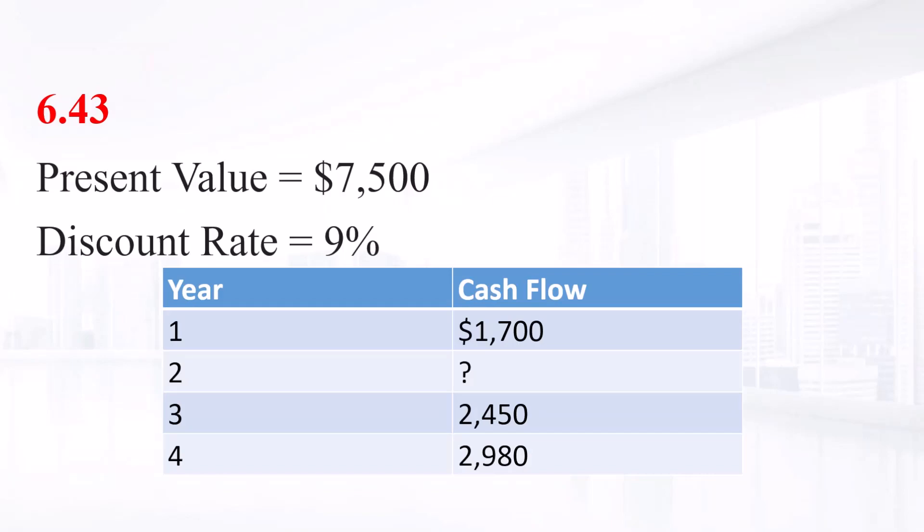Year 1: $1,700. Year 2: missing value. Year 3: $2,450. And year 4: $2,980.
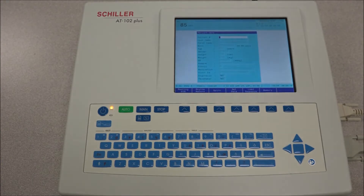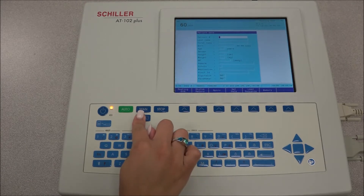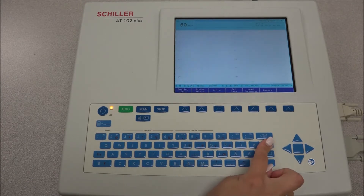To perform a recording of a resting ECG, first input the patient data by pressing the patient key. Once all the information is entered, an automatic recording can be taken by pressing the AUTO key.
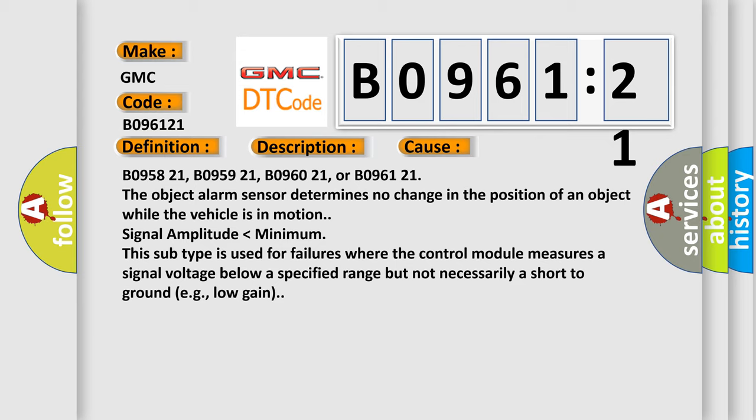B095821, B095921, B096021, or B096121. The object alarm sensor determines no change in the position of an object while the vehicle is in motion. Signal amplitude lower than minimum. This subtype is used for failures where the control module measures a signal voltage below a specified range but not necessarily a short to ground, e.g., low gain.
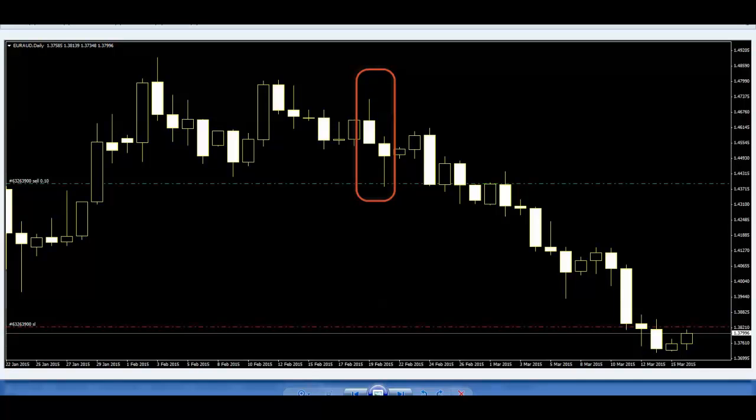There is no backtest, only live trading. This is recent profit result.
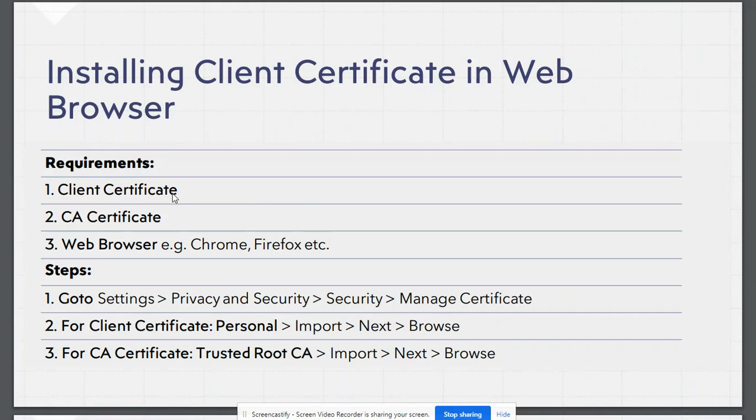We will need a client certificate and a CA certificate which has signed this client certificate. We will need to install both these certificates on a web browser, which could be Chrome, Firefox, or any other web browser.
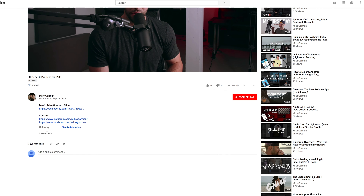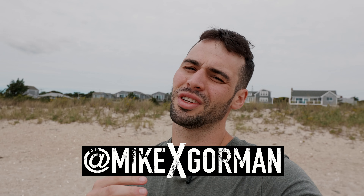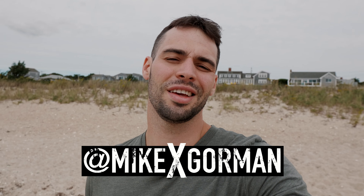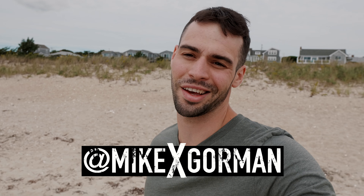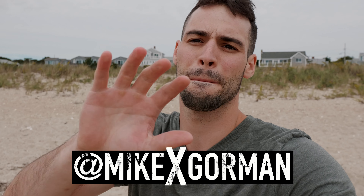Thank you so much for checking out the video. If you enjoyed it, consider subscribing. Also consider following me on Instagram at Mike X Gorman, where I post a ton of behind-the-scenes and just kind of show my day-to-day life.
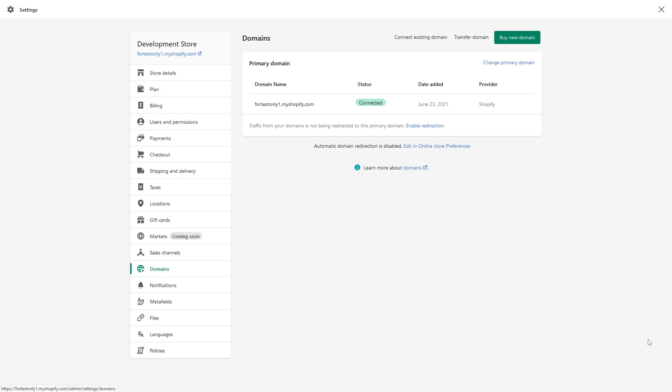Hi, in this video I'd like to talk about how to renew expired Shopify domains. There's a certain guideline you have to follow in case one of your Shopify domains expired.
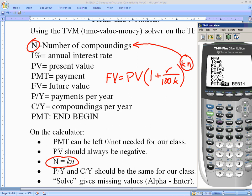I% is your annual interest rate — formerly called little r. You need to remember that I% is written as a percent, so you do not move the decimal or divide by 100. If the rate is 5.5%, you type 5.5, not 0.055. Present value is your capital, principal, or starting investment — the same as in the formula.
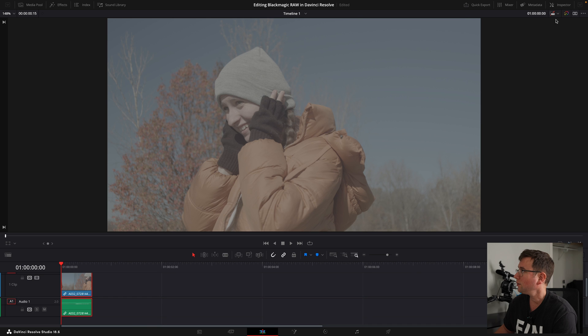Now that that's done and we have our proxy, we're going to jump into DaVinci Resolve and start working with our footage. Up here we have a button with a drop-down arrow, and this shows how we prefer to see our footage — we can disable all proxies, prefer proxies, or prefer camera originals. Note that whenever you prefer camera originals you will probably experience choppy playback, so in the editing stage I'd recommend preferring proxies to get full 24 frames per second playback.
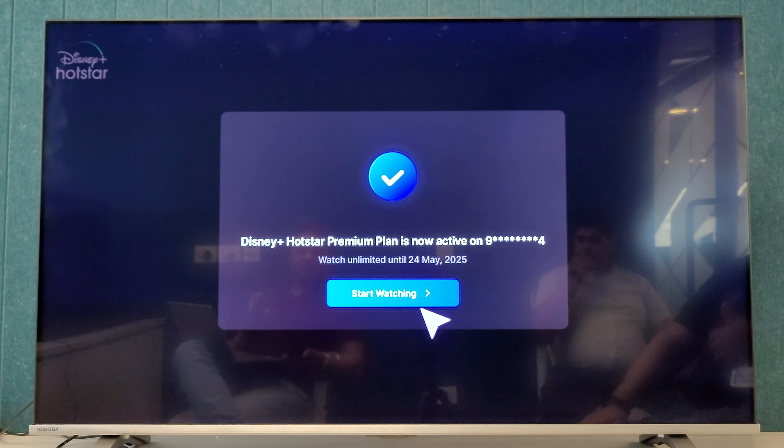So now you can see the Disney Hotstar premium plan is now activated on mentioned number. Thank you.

+===+

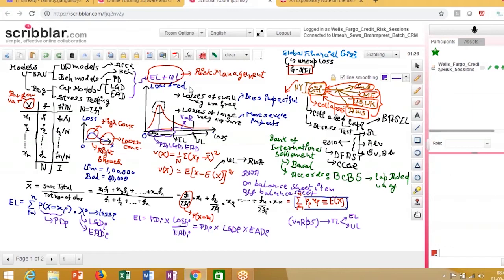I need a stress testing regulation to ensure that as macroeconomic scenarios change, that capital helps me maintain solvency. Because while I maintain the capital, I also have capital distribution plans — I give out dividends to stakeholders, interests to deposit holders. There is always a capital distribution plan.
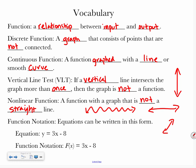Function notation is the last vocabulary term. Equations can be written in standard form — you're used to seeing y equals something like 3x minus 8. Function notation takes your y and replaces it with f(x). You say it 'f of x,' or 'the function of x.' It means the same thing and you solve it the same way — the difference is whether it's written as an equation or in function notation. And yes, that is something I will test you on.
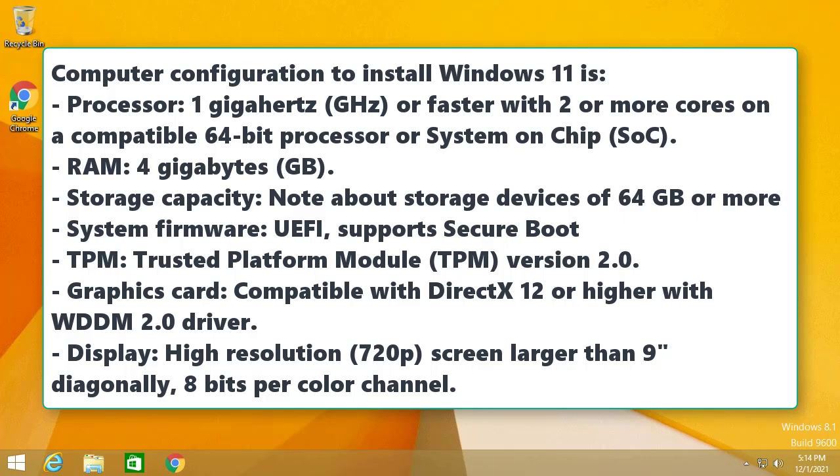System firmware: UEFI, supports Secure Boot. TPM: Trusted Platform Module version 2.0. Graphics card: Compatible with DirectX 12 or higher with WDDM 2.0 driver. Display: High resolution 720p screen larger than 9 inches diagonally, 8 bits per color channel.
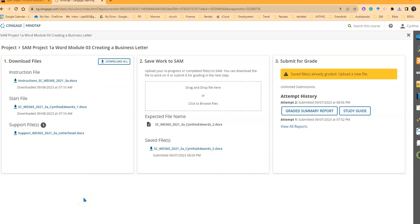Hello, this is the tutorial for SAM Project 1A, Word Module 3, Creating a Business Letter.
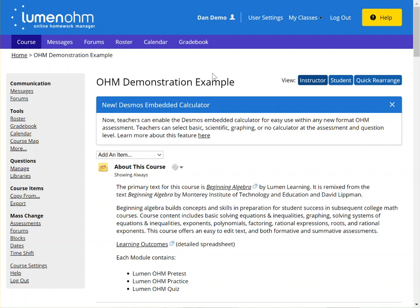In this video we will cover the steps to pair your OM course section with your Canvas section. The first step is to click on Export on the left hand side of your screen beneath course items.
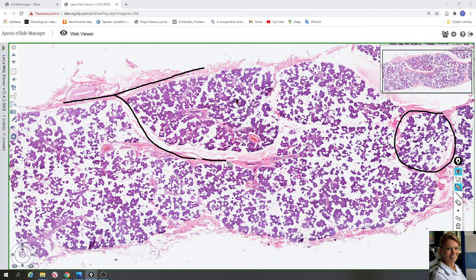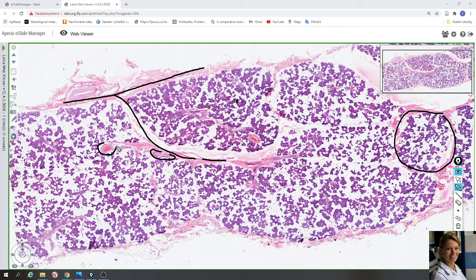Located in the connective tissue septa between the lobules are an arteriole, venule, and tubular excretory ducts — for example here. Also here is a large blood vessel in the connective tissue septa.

+===+

Assignment
Given the listing above, repeat exactly the lines starting at the one with "Function notation is" and ending at the one with "Located in the", inclusive, excluding pictures.

Solution below
Function notation is the last vocabulary term. Equations can be written in standard form — you're used to seeing y equals something like 3x minus 8. Function notation takes your y and replaces it with f(x). You say it 'f of x,' or 'the function of x.' It means the same thing and you solve it the same way — the difference is whether it's written as an equation or in function notation. And yes, that is something I will test you on.
System firmware: UEFI, supports Secure Boot. TPM: Trusted Platform Module version 2.0. Graphics card: Compatible with DirectX 12 or higher with WDDM 2.0 driver. Display: High resolution 720p screen larger than 9 inches diagonally, 8 bits per color channel.
Hello, this is the tutorial for SAM Project 1A, Word Module 3, Creating a Business Letter.
In this video we will cover the steps to pair your OM course section with your Canvas section. The first step is to click on Export on the left hand side of your screen beneath course items.
Located in the connective tissue septa between the lobules are an arteriole, venule, and tubular excretory ducts — for example here. Also here is a large blood vessel in the connective tissue septa.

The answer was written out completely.